Le chaînon manquant entre l’identité nationale et la titularité des œuvres

La vérification d’identité fonctionne le mieux lorsqu’elle ne répond qu’à la question qui doit être posée. Une banque n’a pas besoin de publier le dossier privé d’un client pour confirmer que ce client existe. Un service public n’a pas besoin d’exposer chaque détail personnel pour vérifier une éligibilité. Les bons systèmes d’identité sont conçus autour de la confiance, du consentement et de la divulgation minimale nécessaire.

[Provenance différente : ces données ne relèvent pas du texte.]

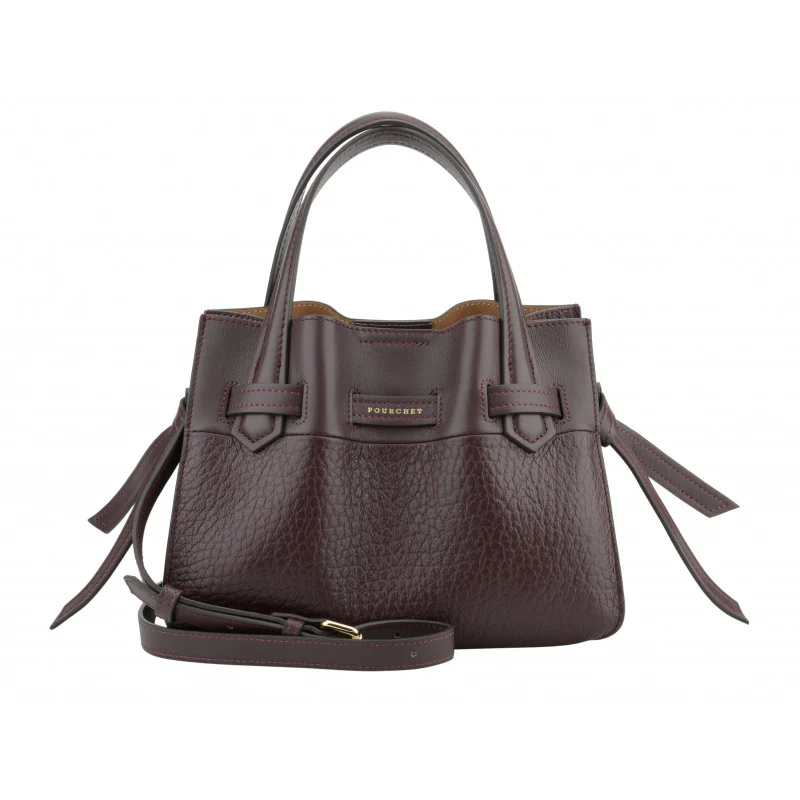 Сумка Pourchet Blossom 20031 Bordeaux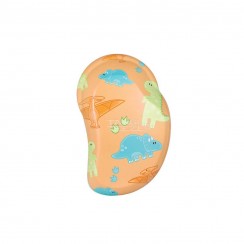 Tangle Teezer Original Kids Spazzola Mighty Dino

La titularité des œuvres appelle la même discipline. La Ghana Card peut établir qui est une personne, mais une revendication de droit d’auteur soulève une autre question : quel lien unit cette personne à l’œuvre ? La réponse n’est pas toujours visible sur un profil de réseau social. Les musiciens utilisent des noms de scène, les cinéastes travaillent par l’intermédiaire de sociétés de production, et un logiciel peut être écrit par des équipes réparties dans plusieurs pays.

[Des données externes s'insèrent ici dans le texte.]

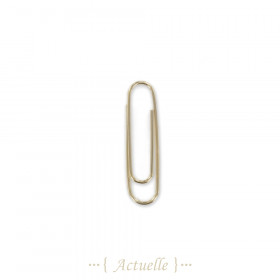 Pendant trombone 20mm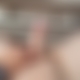photo de bi01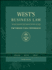 West's Business Law: Extended Case Study Approach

Graphique en grille de points montrant la part des Ghanéens inscrits qui s’étaient vu délivrer une Ghana Card en mai 2026 : 96,2 %, soit 18,82 millions sur 19,56 millions d’inscrits, avec un petit reliquat non rempli au bas de la grille.
Source : National Identification Authority, Registration Statistics, données arrêtées au 19 mai 2026.

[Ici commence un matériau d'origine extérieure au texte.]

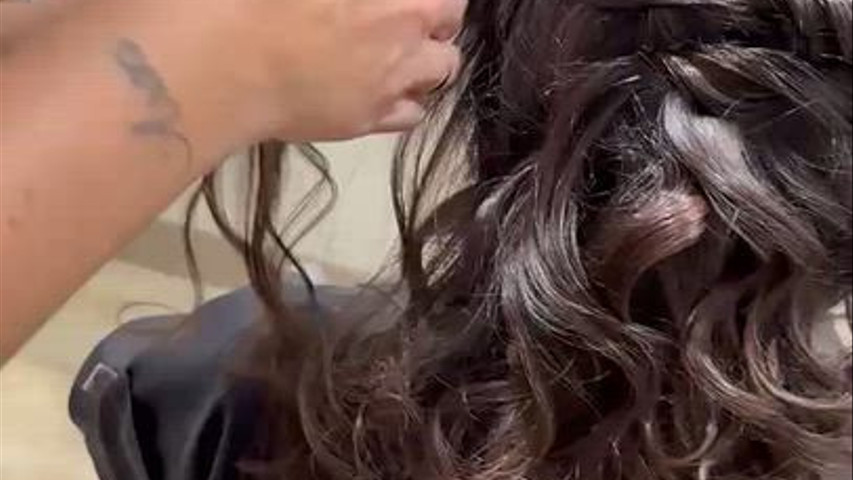 Peluquería Ella y Él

Pour les créateurs, le danger réside dans l’espace entre une identité publique et une identité vérifiée. Un compte soigné peut paraître légitime tout en appartenant à la mauvaise personne. Un usurpateur peut déposer une image, démarcher un licencié ou détourner un paiement avant même que le véritable créateur n’apprenne qu’une revendication a été formulée. Dans le même temps, obliger les artistes à publier leur nom légal et leurs données personnelles exposerait des personnes qui ont de bonnes raisons de rester sous pseudonyme.

Une divulgation sélective, pas une exposition publique

La solution consiste à séparer la vérification de la publicité. Un interprète peut rester connu du public sous un nom de scène pendant qu’un système national de confiance atteste la personne juridique qui se trouve derrière. Une société de production peut enregistrer un film par l’intermédiaire d’un représentant habilité sans transformer chaque réalisateur, monteur et investisseur en donnée publique. Le registre public peut montrer ce qui est nécessaire à la confiance, tandis que les informations d’identité les plus sensibles restent protégées.

Cette approche respecte aussi le consentement. Les données d’identité ne devraient pas être réutilisées du simple fait qu’elles existent. Un créateur peut autoriser une vérification en vue d’un enregistrement de droit d’auteur sans accepter que la même information soit divulguée à une plateforme, à un partenaire commercial ou au grand public. Le système doit consigner qui demande, ce que cette personne est en droit de savoir et pourquoi la divulgation est justifiée.

L’authentification n’est qu’une partie de l’édifice. Une personne vérifiée peut malgré tout formuler une revendication inexacte, et une véritable qualité d’auteur peut exister sous pseudonyme. Cela signifie que le dossier de l’œuvre doit porter ses propres preuves : ce qui a été déposé, à quelle date, qui a été déclaré comme contributeur, et comment une autre personne peut contester l’acte. La vérification rend le demandeur comptable de ses déclarations ; elle ne transforme pas une revendication en fait incontestable.

Les mineurs exigent une attention particulière. Un jeune créateur peut être auteur et connaître le succès commercial alors qu’un parent ou un tuteur gère la relation juridique. Le système doit préserver le lien du jeune avec son œuvre, consigner qui a le pouvoir d’agir et permettre de mettre à jour ce pouvoir lorsque le créateur atteint la majorité.

L’identité évolue aussi dans le temps. Les gens changent de nom, les entreprises se réorganisent et les représentants sont remplacés. Un système solide assure la continuité sans obliger le créateur à tout recommencer ni laisser un lien d’identité obsolète rester actif indéfiniment.

L’authentification est une opération, non une divulgation définitive

Une société de gestion de licences peut avoir besoin de savoir que le demandeur est une personne vérifiée et qu’il a le pouvoir d’agir pour une œuvre enregistrée. Elle n’a généralement pas besoin de son adresse de résidence ni des données d’identité ayant servi à délivrer la Ghana Card. Une plateforme qui traite un litige peut avoir besoin d’une vérification plus poussée qu’un simple particulier consultant un certificat. Le système doit pouvoir répondre à chaque demande au niveau approprié.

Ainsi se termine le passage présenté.